PV quantifies this by discounting future cash flows to reflect their value today. This equation is critical in decision-making, whether assessing investments, valuing a company, or comparing financial alternatives. Present Value determines the internal rate of return (IRR) or net present value (NPV), the difference between the present value of cash inflows and the present value of cash outflows over a period of time. NPV is used in capital budgeting and investment planning to analyze a project’s projected profitability.

A related temporal technique is Future Value @FV() that was developed to project future cash or investment values. It calculates what money is expected to be worth at a future date based on current growth trends. It is particularly useful for debt paydown schedules or residual equity valuation @IRR(), the Internal Rate of Return. These calculations were crucial for evaluating the return on investment for equity holders, a core metric in LBOs.
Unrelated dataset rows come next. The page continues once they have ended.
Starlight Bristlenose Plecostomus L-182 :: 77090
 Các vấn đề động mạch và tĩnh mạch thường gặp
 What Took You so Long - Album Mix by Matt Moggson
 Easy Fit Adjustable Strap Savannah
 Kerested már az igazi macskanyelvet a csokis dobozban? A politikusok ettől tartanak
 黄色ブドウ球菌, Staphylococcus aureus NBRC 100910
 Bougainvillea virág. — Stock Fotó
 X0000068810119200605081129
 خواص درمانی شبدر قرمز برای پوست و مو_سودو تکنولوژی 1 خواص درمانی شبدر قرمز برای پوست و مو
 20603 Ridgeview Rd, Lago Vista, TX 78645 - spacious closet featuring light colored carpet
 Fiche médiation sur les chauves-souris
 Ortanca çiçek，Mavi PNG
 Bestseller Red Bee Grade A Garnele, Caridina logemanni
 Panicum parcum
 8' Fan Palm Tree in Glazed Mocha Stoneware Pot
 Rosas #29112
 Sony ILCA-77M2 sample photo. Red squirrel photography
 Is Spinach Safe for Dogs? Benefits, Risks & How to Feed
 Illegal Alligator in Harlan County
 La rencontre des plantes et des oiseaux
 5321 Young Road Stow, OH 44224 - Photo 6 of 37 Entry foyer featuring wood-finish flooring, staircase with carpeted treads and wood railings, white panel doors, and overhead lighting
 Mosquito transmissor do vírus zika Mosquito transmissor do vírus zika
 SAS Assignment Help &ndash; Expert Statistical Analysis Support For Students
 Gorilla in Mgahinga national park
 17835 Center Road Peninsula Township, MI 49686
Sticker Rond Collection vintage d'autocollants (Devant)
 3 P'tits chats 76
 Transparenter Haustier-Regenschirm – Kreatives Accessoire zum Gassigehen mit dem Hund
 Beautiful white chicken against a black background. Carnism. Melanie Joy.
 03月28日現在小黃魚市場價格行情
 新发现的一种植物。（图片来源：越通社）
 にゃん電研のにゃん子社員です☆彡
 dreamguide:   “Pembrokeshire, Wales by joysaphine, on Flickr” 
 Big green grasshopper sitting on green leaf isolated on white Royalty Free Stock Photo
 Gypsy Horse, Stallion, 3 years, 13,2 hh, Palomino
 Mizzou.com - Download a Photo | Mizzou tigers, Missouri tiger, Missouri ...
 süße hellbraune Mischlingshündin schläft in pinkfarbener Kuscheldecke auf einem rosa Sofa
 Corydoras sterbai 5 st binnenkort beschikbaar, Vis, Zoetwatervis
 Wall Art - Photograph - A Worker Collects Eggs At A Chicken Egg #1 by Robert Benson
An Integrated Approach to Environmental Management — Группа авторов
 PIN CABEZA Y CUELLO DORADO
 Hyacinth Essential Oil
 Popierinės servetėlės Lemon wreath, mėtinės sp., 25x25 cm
Net Present Value @NPV() helped assess the profitability of an investment by calculating the value of projected cash flows discounted at the required rate of return. @NPV was crucial as it allowed users to input a discount rate (representing the cost of capital) and a series of future cash flows, and the @NPV function would calculate the present value of those cash flows.

@IF() determined whether a debt covenant has been breached or whether excess cash should be used for debt repayment. Payment @PMT() was useful for calculating the periodic payment required for a loan, considering principal, interest, and term.

Conclusion

Lotus 1-2-3’s capabilities on IBM and “IBM-compatible” personal computers allowed private equity firms to confidently pursue larger and more complex deals by providing a reliable platform for financial forecasting and decision-making. The tool’s role in shaping LBO strategies contributed to the emergence of private equity as a dominant force in corporate finance. Many fundamental modeling practices in these landmark deals continue to underpin private equity and LBO analyses today, albeit with more advanced tools like Microsoft Excel.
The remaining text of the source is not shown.